▸ DATASET SECTION:
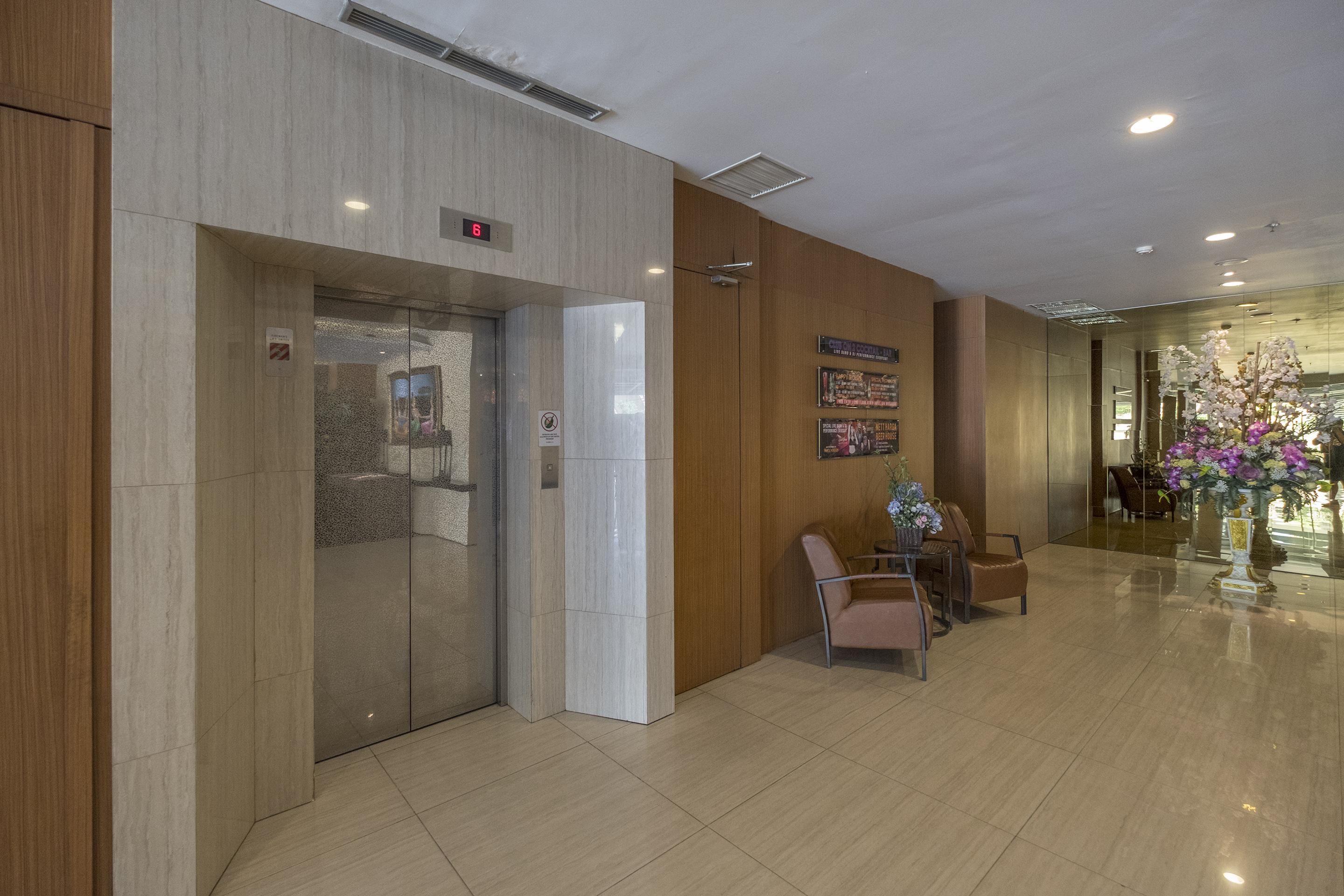 Aswin Hotel And Spa Makassar Eksteriør bilde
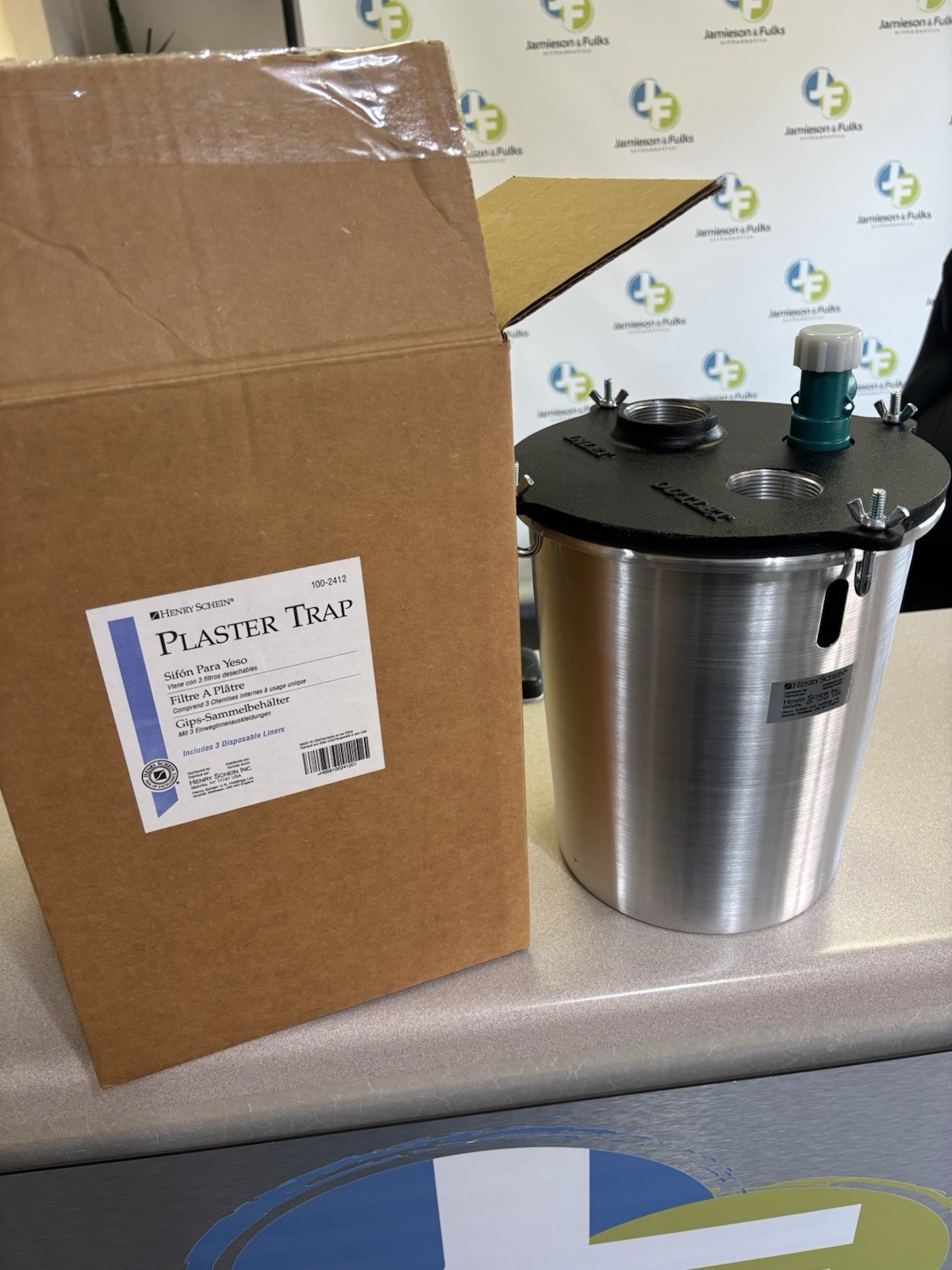 Henry Schein Dental Plaster Trap For Office or Laboratory w/liners- new in box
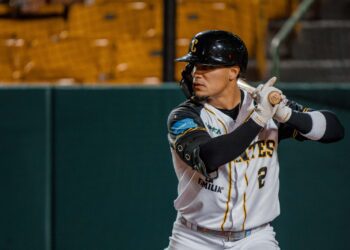 Indios seleccionan a Bryan Torres y Orlando Ortiz de cara a la postemporada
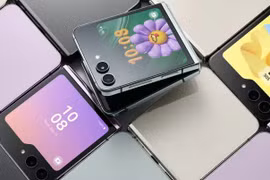 Màn hình bên ngoài của Z Flip 5 chiếm gần hết mặt trên của điện thoại khi gập lại. (Ảnh: Samsung)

▸ YOUR TASK: Exclude every picture and restate the listing word for word.

▸ OUTPUT BELOW:
 Aswin Hotel And Spa Makassar Eksteriør bilde
 Henry Schein Dental Plaster Trap For Office or Laboratory w/liners- new in box
 Indios seleccionan a Bryan Torres y Orlando Ortiz de cara a la postemporada
 Màn hình bên ngoài của Z Flip 5 chiếm gần hết mặt trên của điện thoại khi gập lại. (Ảnh: Samsung)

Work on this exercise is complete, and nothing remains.